While the chirp is being generated, the signal the microphone 76 detects is sent thru a peak-detector and a smoother. This detector records the peak level of the sound being generated in the room. The output of the peak detector is saved every 0.5 second along with the corresponding frequency being generated by the subwoofer. Once the measurement is finished, there are 121 measurements of the peak detector that are stored in memory. It is understood that other frequency ranges, time periods and resolution levels may be used for the chirp sequence. In one embodiment, the time period of the chirp sequence is any time period greater than 10 seconds. In another embodiment, the time period of the chirp sequence is any time period greater than or equal to 48 seconds.

The peak detector measurements are then converted to sound-pressure levels (SPL) by the following formula (note SPL can be calculated because we have a calibrated microphone):
SPL=20.0 log10(peakLevel)

The measured SPL of the room is then matched to a stored reference frequency response of the ground plane measurement of the same subwoofer that is stored in memory and illustrated by the graph of FIG. 16.

It is understood that the room measurements to obtain the measured frequency response in the room may be taken at a plurality of different locations by moving the microphone and re-running the measurement discussed above. The multiple measurements may then be averaged or otherwise combined to produce a combined measured frequency response for the room. The combined measured frequency response may account for differing frequency responses at different locations. The combined measured frequency response takes into account time delays and phase differences that occur as the microphone 76 is moved to different locations.

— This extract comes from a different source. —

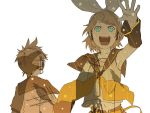  armpits bird blonde_hair bow crow headset kagamine_len kagamine_rin short_hair siblings simple_background twins vocaloid yellow 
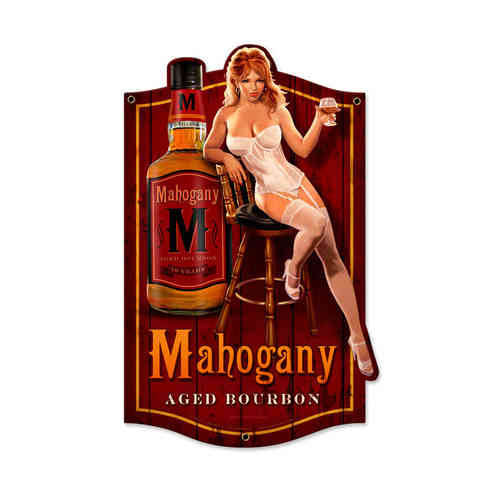 "Mahogany Bourbon" Blechschild - Metal Sign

Before comparing the reference frequency response signal to the measured frequency response, matching of the two signals is done at the lowest frequencies. The boundary gain due to the room is equal at these frequencies. The matching may be as simple as making sure the gains at a particular frequency are the same, or an actual estimate of the slope of the two curves may be used with a least squares approach to minimize the error.

Once the levels or slopes of the measured signal and the reference signal are matched, the difference is taken between the two measurements. This represents the total room gain of the system and establishes the target curve. Only the peaks above the target curve are corrected. The reason to remove the peaks are many fold including:

    • a) peaks sound worse than dips or valleys.
    • b) if dips are removed, by boosting the signal, it will reduce the headroom of the system and use up more amplifier power.
    • c) removing dips and boosting the signal may well show up as even bigger boost in another part of the room.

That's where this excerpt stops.